A spatialized additive synthesizer

               

Authors: Verron C., Aramaki M., Kronland-Martinet R., Pallone G.
Publication Date: December 2007
Journal: In Proceedings of the inaugural International Conference Music Communication Science (ICoMCS), Sydney, Australia, 5-7 December 2007 (pp.167-171)

Abstract

In virtual auditory environments, sound generation is typically based on a two-stage approach: synthesizing a monophonic signal, implicitly equivalent to a point source, and simulating the acoustic space. The directivity, spatial distribution and position of the source can be simulated thanks to signal processing applied to the monophonic sound.
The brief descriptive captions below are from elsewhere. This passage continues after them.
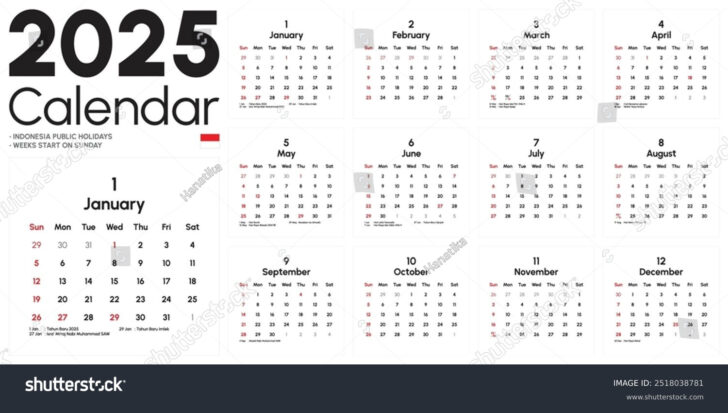 Printable Calendar 2025 Indonesia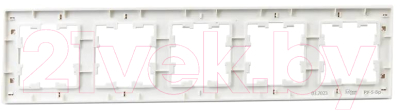 Рамка для выключателя IEK Brite BR-M52-51-K01 (белый рифленый)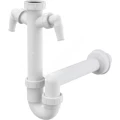 Изображение товара Сифон для кухонной мойки трубный Alca Plast A82-DN40 1 1/2 с двумя отводами
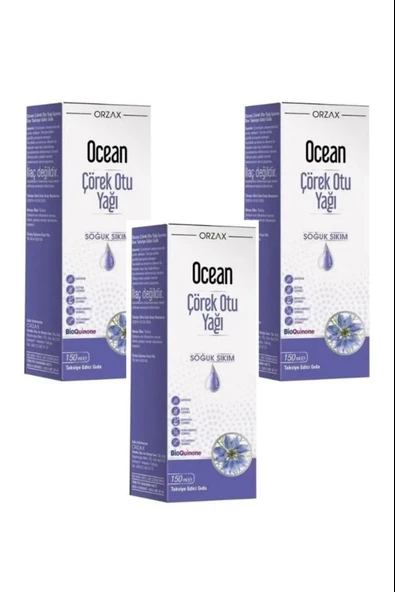 Ocean Çörek Otu Yağı Soğuk Sıkım 150 ml 3 Adet ürün görseli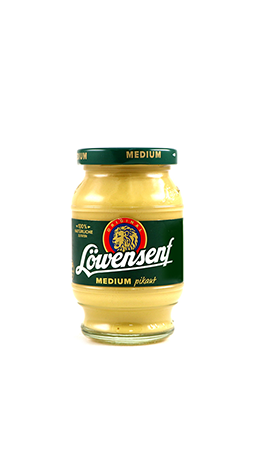 Loewensenf - Mustard Medium Hot - 250ml / Loewensenf Mittel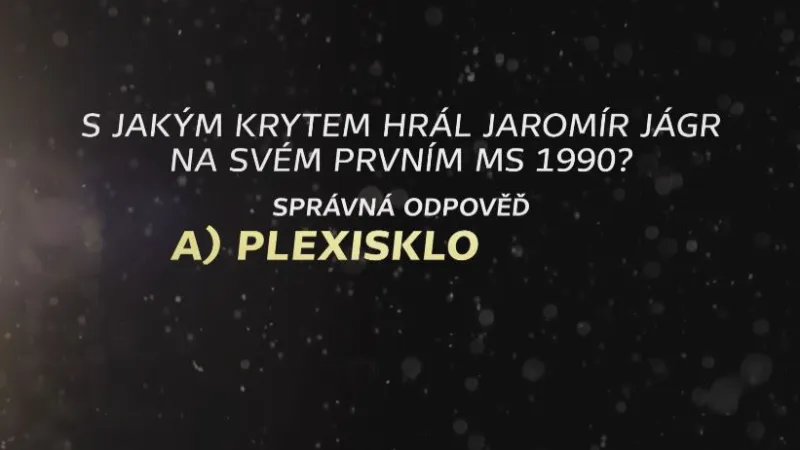 HOKEJOVÝ KVÍZ 20. 4. - SPRÁVNÁ ODPOVĚĎ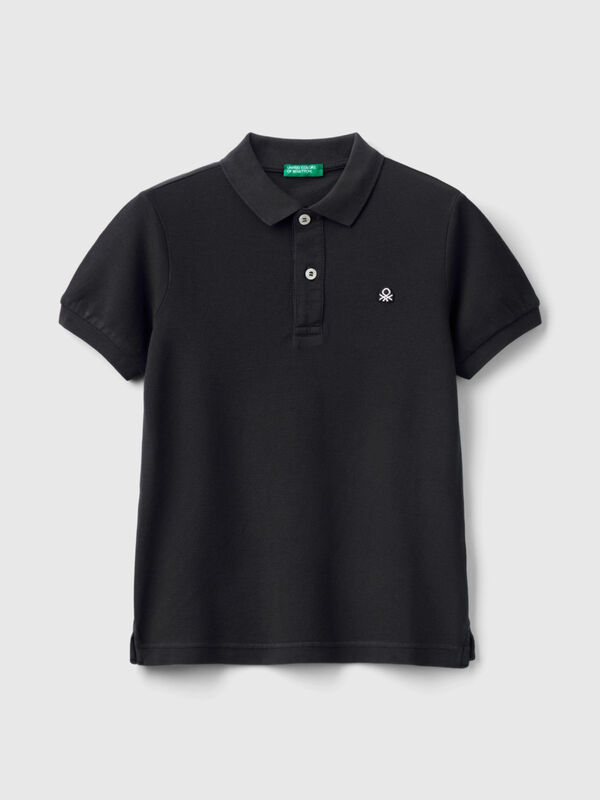 Slim fit polo in 100% organic cotton Junior Boy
A one-stage synthesis/spatialization approach, taking into account both timbre and spatial attributes of the source as low-level parameters, would achieve a better computational efficiency essential for real-time audio synthesis in interactive environments. Such approach involves a careful examination of sound synthesis and spatialization techniques to reveal how they can be connected together. This paper concentrates on the sinusoidal sound model and 3D positional audio rendering methods. We present a real-time algorithm that combines Inverse Fast Fourier Transform (FFT-1) synthesis and directional encoding to generate sounds whose sinusoidal components can be independently positioned in space. In addition to the traditional frequency-amplitude-phase parameter set, partials positions are used to drive the synthesis engine. Audio rendering can be achieved on a multispeaker setup, or in binaural over headphones, depending on the available reproduction system.